Titles and Abstracts
- Mehrnoosh Sadrzadeh
- Title: Quantum machine learning for natural language processing
- Abstract: In the 1930's, logicians observed that natural language obeys rules similar to rational numbers and developed the first logical model of language. In 1958, a decision procedure for this logic was proposed and led to one of the first automatic parsers. More than half a century later, in 2010, my colleagues and I showed that this logic also relates to real numbers and developed a vector space semantics for it, using the theory of compact closec categories.
A defining feature all along has been the use of higher order tensors. Tensors are natural inhabitants of quantum systems and they are more efficiently learnt via quantum simulations. Since realising this, we have trained our models by machine learning on quantum computers, obtained manifold improvements, many publications and awards. In this talk, I will introduce our framework, go over its related learning algorithms, and present our recent results on a mainstream linguistic challenge.
- Michael Ching
- Title: Differential bundles in Goodwillie calculus
- Abstract: In joint work with Kristine Bauer and Matthew Burke, we have formalized the analogy between Goodwillie's functor calculus and the ordinary differential calculus of smooth manifolds. Both are examples of a tangent $\infty-$category. That abstract structure, introduced by Rosický in the 1-categorical setting and developed in more detail by Cockett and Cruttwell, is based on categorical properties of the tangent bundle functor in differential geometry. I will describe how we generalize their work to $\infty$-categories and how Goodwillie's theory fits into this framework. Our main result is that Goodwillie's Taylor tower can be completely recovered from a certain tangent $(\infty,2)$-category of $\infty$-categories.
This work makes it possible to investigate analogues in Goodwillie calculus of various aspects of ordinary differential geometry, and I will describe joint work in progress with Kaya Arro, where we identify the notions corresponding to smooth vector bundles. These turn out to be, more-or-less, cartesian and cocartesian fibrations of ∞-categories for which all the fibres are stable.
- Jonathan Sterling.
- Title: When is the partial map classifier a Sierpiński cone?
- Abstract: The idea of synthetic domain theory is to work in the internal language of a topos containing an interval object that forms a dominance and satisfies a few other axioms, such as Phoa’s principle. Then, not all objects deserve to be called “predomains”, but the ones that do invariably arise within full internal reflective subcategories defined by simple orthogonality laws stated in terms of the interval’s geometry. It so happens that some of these orthogonality laws are also of use in defining synthetic ∞-categories à la Riehl and Shulman.

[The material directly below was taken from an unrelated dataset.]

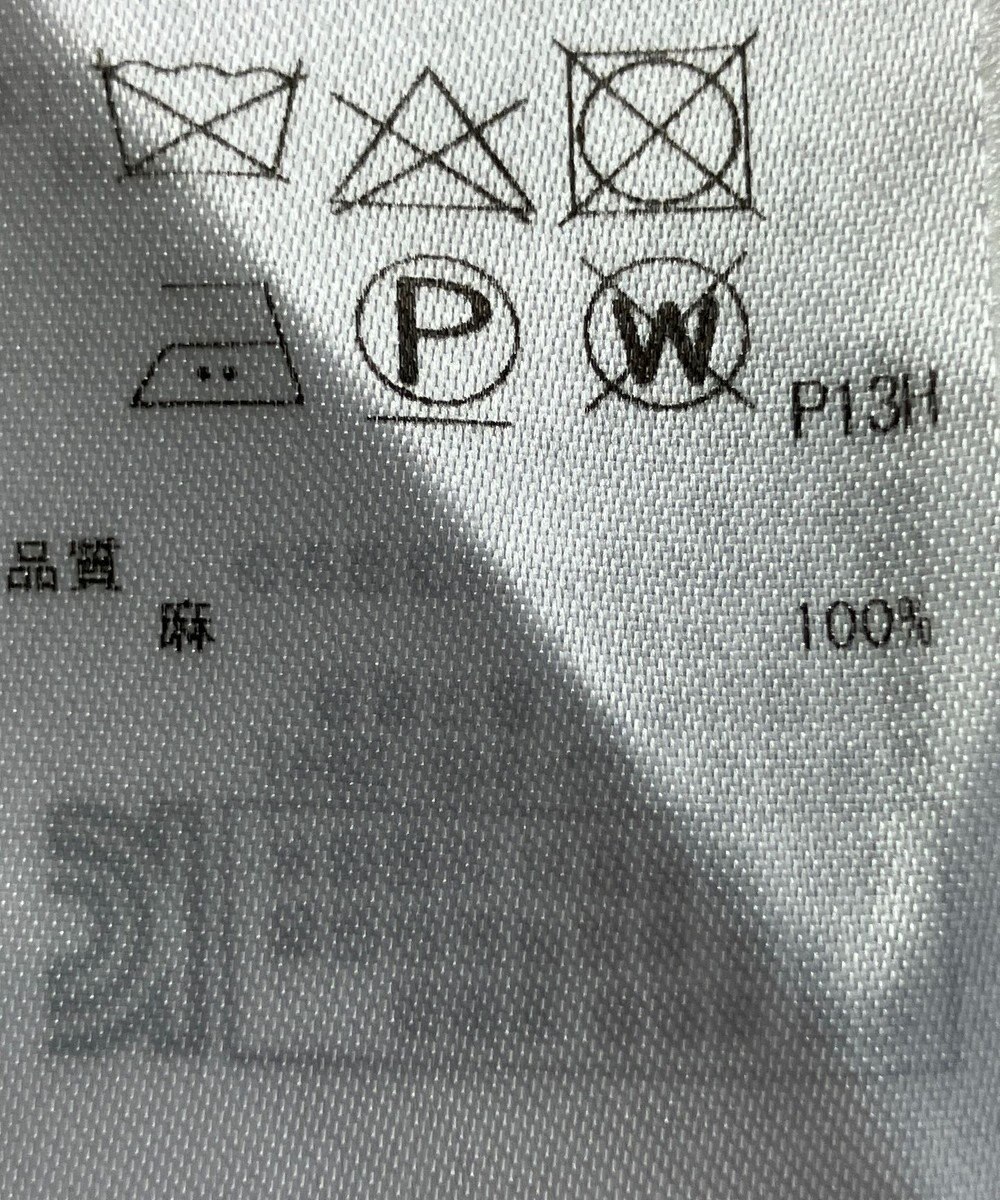 ONWARD Reuse Park 【23区】ニット春夏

I will outline some recent results in synthetic (higher) domain theory obtained with my former Masters student Leoni Pugh concerning partial map classifiers, including (1) the closure of synthetic $\infty$-categories under partial map classifiers, and (2) the discovery of a strengthening of the Segal completeness law that, amongst synthetic partial orders, causes the partial map classifier to coincide with the Sierpiński cone.